Transcribe exactly, and only, the lines that fall between the line containing "6039 Fish Lake Road, Holly, MI 48442" and the last line of the material, both ends included, omitting any pictures.

▸ **DATASET SECTION**
#####

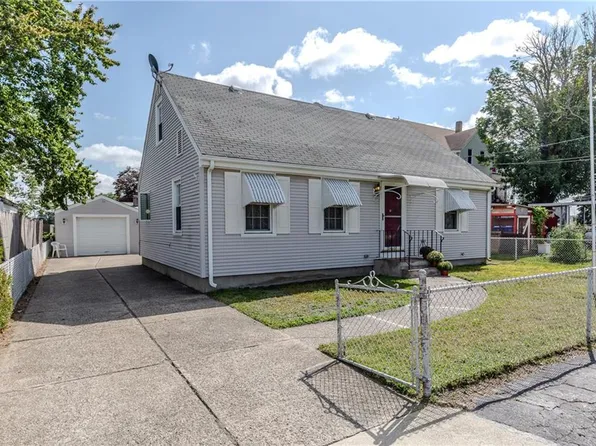 15 Gardner St, Pawtucket, RI 02861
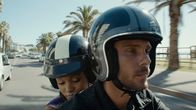 The Morning After – Justin (Richard Gau) nimmt Nina (Amara Okereke) mit in die Stadt, und das gefällt ihr besser, als sie zugeben würde.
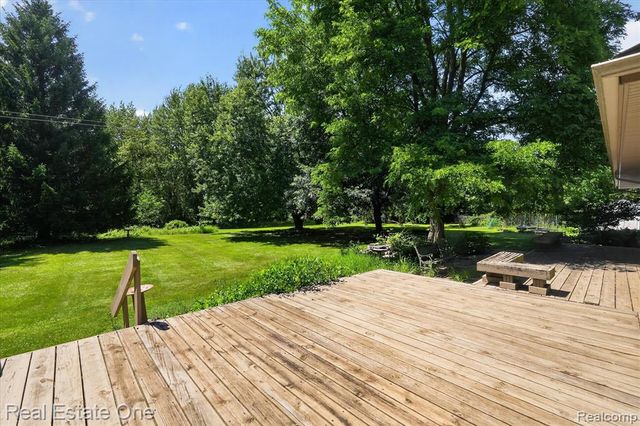 6039 Fish Lake Road, Holly, MI 48442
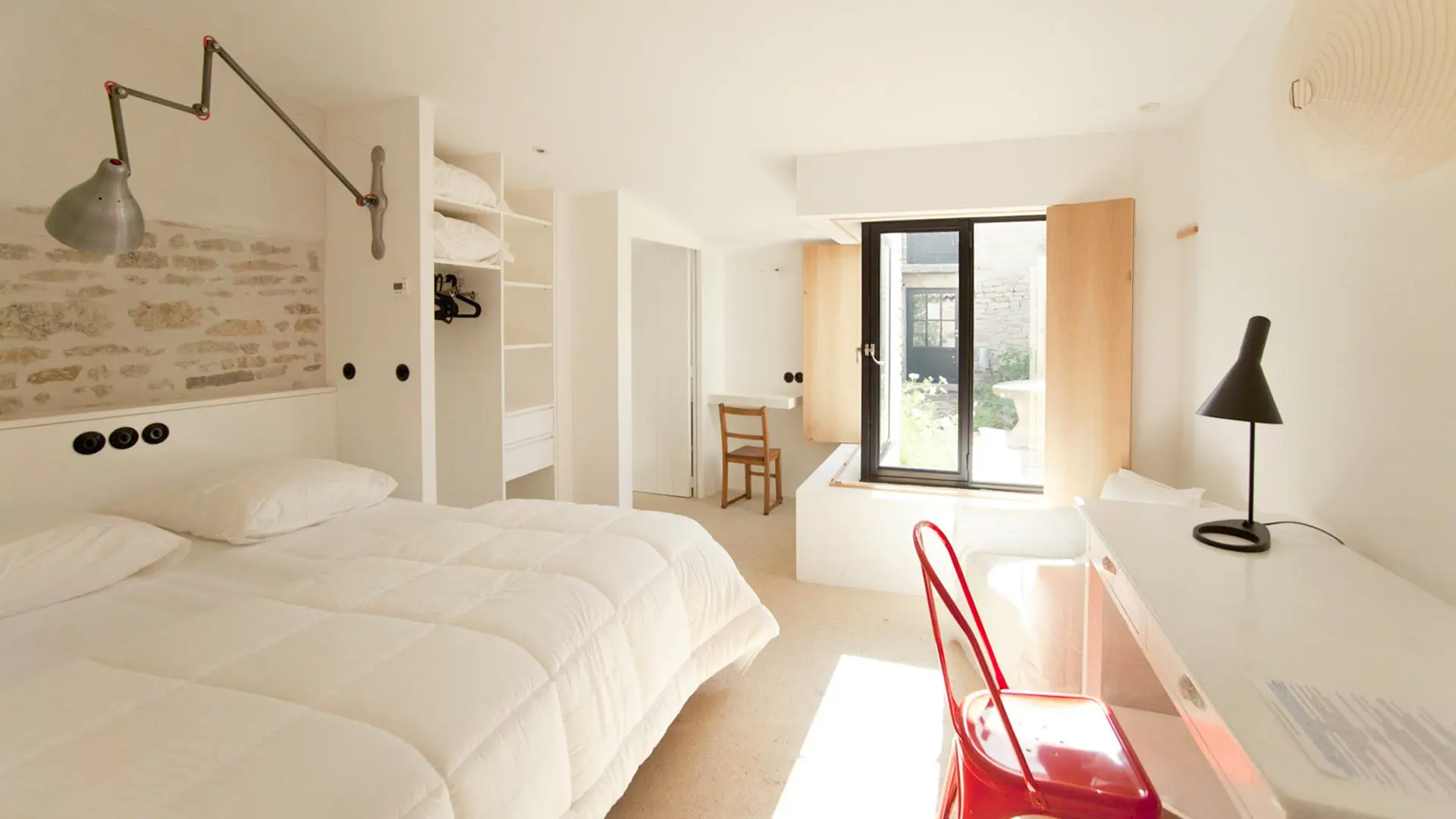 Zweites Schlafzimmer mit Doppelbett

#####

▸ **ANSWER TO THIS PROBLEM**
 6039 Fish Lake Road, Holly, MI 48442
 Zweites Schlafzimmer mit Doppelbett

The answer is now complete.